Notre Dame de Lourdes, known from 2012 to 2018 as St. Bernadette Parish, is a former Roman Catholic parish in Fall River, Massachusetts. A part of the Roman Catholic Diocese of Fall River, the parish was established in 1874 to serve the growing French-Canadian population located in the city's Flint Village section. Since its founding, the parish has occupied three different church buildings; a wooden structure (1874–1893), a spectacular granite church (1906–1982) and the current modern church (1986–2018). The parish complex over time has also consisted of other multiple buildings, including St. Joseph's Orphanage, The Jesus Marie Convent, Notre Dame School, the church rectory, the Brothers' residence, and the former Msgr. Prevost High School. The parish also includes Notre Dame Cemetery, located in the city's south end.
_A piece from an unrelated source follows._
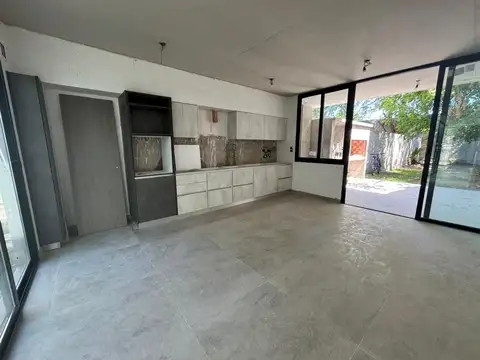 Casa 4 ambientes con 3 baños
In March 2012, the diocese announced that Notre Dame de Lourdes Parish would be merging with nearby Immaculate Conception Parish, with the new combined parish renamed Saint Bernadette Parish. This name gives a connection to both parishes as it was Saint Bernadette who was reported to have witnessed the apparition of the Immaculate Conception (the Virgin Mary) at Lourdes, France.

==History==
Notre Dame de Lourdes Parish was created in July 1874, and named after the 1858 apparitions of the Blessed Virgin Mary at Lourdes, France. The first pastor of the parish was Rev. Pierre Jean-Baptiste Bedard, from Montreal. The new parish included about 250 French-Canadian families and about 40 Irish families, who settled to work in the newly established cotton mills located in the east end of Fall River. The church has been through three buildings in its 144-year history.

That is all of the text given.